Your output should be everything below from the line containing "Eine Fassade mit" down to the line containing "Rab 1 Lantai Contoh | PDF", both ends included, copied exactly, with pictures left out.

§ RECORDS SHOWN:
-------
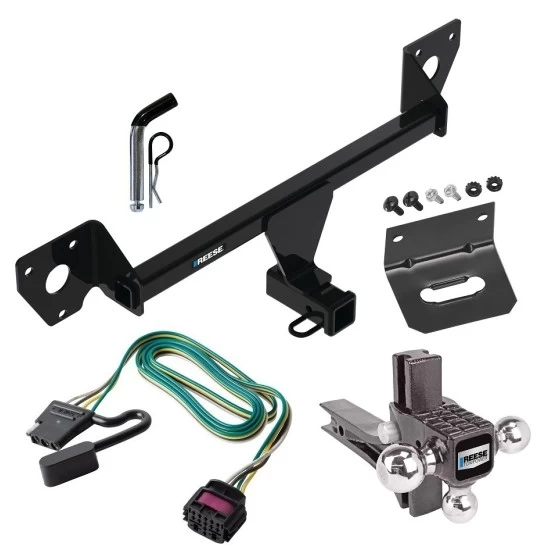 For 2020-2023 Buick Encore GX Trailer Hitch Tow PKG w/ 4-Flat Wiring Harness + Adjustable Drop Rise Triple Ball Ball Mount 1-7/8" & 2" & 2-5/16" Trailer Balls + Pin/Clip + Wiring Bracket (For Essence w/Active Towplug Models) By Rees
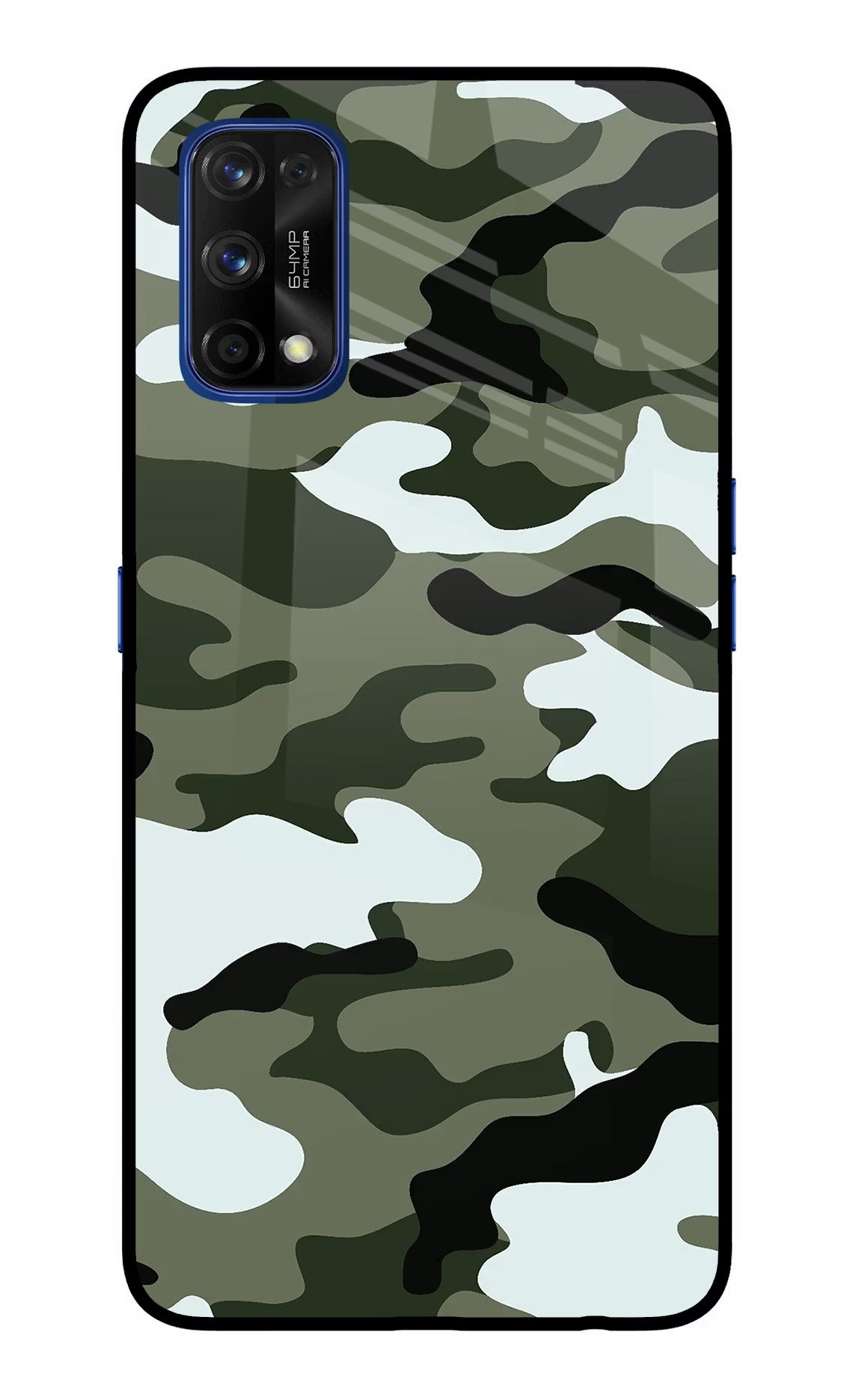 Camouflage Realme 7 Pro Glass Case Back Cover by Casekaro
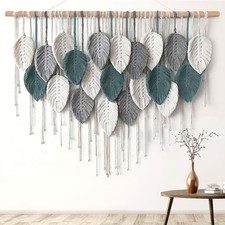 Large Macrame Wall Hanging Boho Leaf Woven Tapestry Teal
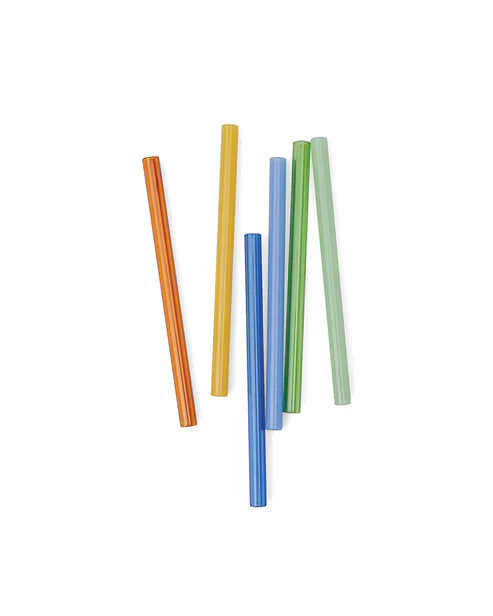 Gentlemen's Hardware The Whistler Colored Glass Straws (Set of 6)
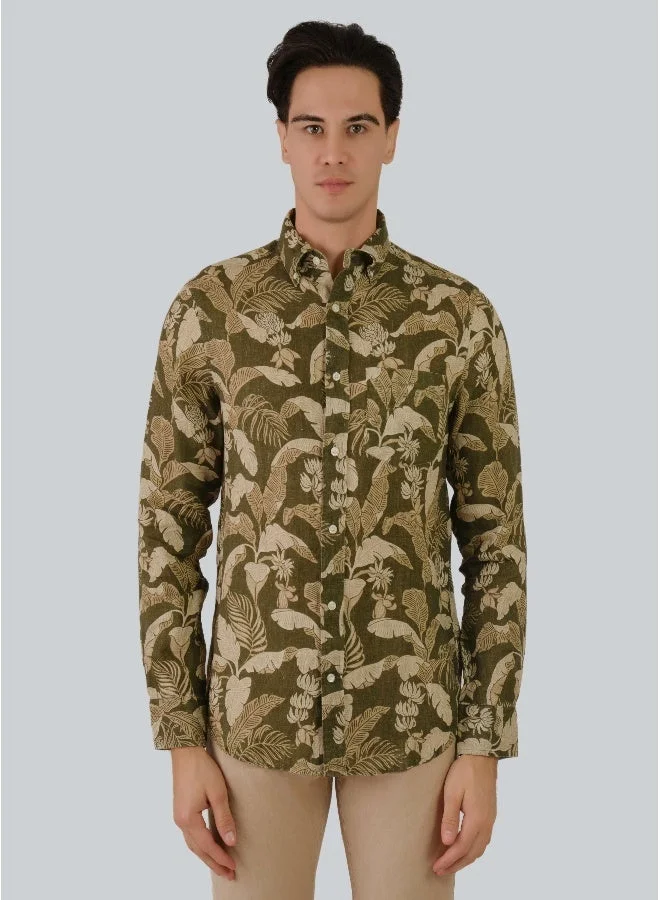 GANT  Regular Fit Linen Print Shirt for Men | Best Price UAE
-------
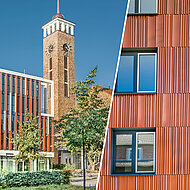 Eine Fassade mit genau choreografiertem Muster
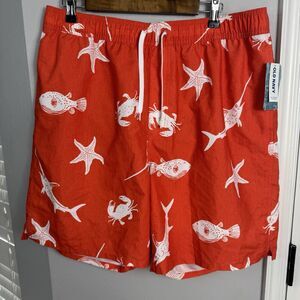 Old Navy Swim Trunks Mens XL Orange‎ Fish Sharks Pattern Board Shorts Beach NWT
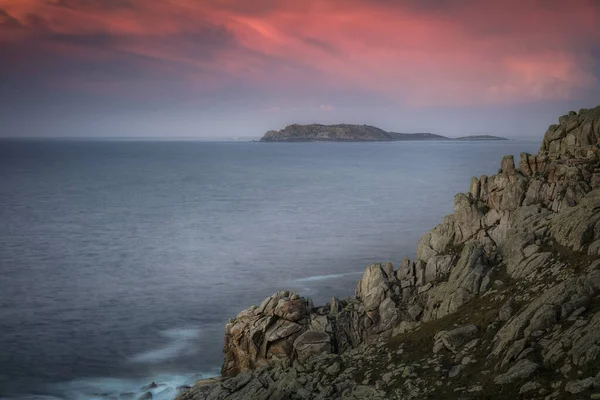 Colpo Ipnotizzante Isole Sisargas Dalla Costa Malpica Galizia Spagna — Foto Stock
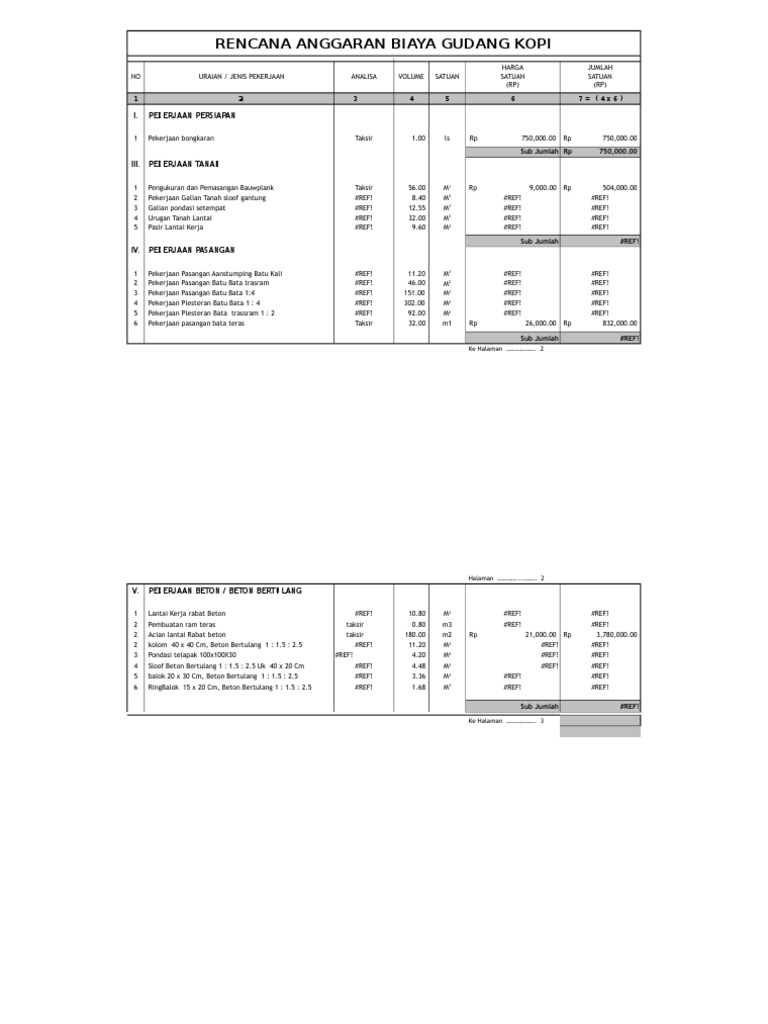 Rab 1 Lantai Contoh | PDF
-------
§ COMPLETED TASK:
 Eine Fassade mit genau choreografiertem Muster
 Old Navy Swim Trunks Mens XL Orange‎ Fish Sharks Pattern Board Shorts Beach NWT
 Colpo Ipnotizzante Isole Sisargas Dalla Costa Malpica Galizia Spagna — Foto Stock
 Rab 1 Lantai Contoh | PDF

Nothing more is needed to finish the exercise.